**WHAT YOU WILL DO**.
Look through the entries below and report every line that has "Womens".

**ENTRIES PROVIDED**.
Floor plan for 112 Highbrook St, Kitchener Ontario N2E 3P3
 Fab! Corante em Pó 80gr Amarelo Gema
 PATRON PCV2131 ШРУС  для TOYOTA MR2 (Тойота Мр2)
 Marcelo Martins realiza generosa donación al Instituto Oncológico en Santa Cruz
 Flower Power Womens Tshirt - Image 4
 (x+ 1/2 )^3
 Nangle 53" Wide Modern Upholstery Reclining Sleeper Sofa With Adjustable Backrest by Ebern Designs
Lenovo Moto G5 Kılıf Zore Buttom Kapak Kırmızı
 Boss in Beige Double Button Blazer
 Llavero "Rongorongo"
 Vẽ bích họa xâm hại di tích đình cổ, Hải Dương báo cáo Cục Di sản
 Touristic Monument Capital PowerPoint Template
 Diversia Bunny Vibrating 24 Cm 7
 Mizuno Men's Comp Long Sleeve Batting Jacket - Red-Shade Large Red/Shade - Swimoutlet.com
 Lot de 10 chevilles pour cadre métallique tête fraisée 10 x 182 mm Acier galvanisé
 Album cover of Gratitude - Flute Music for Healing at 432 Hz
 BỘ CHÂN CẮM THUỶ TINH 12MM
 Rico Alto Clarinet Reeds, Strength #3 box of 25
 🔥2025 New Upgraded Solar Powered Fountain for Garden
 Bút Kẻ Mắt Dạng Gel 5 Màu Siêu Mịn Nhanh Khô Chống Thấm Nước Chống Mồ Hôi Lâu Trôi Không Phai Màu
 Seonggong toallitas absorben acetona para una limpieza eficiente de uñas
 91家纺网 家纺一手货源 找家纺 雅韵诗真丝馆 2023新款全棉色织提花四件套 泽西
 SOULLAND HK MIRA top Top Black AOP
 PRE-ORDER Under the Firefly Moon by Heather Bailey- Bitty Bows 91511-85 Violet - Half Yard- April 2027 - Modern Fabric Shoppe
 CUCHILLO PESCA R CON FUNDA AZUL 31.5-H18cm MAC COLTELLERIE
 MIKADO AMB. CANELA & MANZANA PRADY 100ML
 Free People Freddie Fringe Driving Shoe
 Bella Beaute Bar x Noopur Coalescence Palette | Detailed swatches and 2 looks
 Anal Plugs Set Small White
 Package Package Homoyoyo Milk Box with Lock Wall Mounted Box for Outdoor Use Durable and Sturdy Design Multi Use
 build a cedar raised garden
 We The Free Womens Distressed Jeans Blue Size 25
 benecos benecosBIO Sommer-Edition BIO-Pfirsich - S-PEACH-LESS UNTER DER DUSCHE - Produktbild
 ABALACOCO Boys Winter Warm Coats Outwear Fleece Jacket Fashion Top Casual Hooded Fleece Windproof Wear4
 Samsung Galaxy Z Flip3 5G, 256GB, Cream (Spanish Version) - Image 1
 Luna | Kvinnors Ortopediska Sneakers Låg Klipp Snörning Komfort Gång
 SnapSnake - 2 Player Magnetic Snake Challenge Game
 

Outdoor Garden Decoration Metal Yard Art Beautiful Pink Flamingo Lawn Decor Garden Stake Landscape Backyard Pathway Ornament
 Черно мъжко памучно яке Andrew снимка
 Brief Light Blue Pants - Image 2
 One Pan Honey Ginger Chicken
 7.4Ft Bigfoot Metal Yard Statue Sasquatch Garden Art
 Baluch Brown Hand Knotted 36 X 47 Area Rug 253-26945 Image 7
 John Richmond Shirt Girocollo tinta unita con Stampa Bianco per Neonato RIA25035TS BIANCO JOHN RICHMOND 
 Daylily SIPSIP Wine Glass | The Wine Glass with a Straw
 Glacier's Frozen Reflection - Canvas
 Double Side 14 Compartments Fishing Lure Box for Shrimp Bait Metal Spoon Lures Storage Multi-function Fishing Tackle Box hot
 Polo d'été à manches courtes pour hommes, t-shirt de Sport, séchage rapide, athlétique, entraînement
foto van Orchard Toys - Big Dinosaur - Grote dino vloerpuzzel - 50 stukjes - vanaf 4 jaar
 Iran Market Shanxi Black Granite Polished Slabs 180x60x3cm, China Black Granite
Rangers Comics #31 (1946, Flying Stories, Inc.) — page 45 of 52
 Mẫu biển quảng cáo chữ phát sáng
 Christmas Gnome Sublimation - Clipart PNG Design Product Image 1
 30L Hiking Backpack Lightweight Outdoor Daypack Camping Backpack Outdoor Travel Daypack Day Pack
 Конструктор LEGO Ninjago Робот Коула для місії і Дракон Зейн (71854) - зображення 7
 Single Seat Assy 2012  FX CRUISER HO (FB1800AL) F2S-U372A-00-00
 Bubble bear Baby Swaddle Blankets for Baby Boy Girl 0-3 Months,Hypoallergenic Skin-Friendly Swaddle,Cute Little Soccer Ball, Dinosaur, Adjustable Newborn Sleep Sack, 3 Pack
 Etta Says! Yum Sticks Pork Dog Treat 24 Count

**YOUR RESPONSE**.
 Flower Power Womens Tshirt - Image 4
 We The Free Womens Distressed Jeans Blue Size 25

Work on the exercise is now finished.